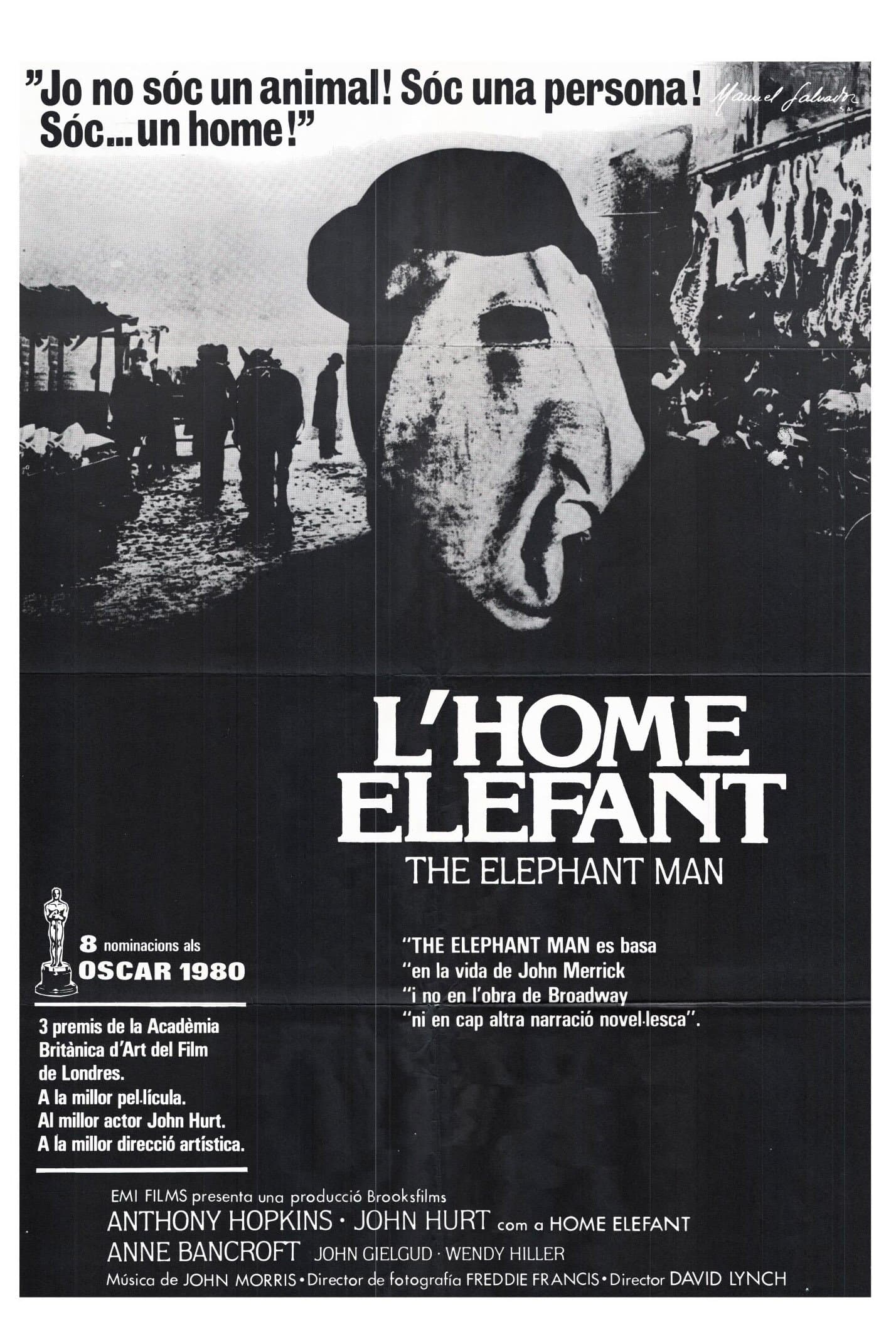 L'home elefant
• • • • • • •
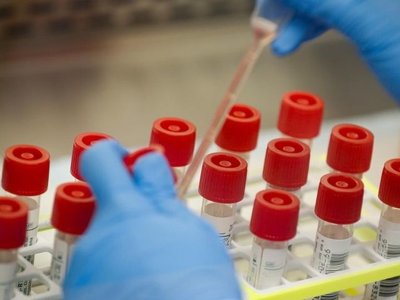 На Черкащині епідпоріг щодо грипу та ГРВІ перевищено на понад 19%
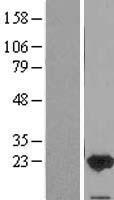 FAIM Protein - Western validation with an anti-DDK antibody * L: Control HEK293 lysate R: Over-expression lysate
• • • • • • •
Task brief. Print everything from the line with "На Черкащині епідпоріг" down to the line with "FAIM Protein - Western" in the entries above, both lines included and nothing more, without the pictures.

Exercise response.
 На Черкащині епідпоріг щодо грипу та ГРВІ перевищено на понад 19%
 FAIM Protein - Western validation with an anti-DDK antibody * L: Control HEK293 lysate R: Over-expression lysate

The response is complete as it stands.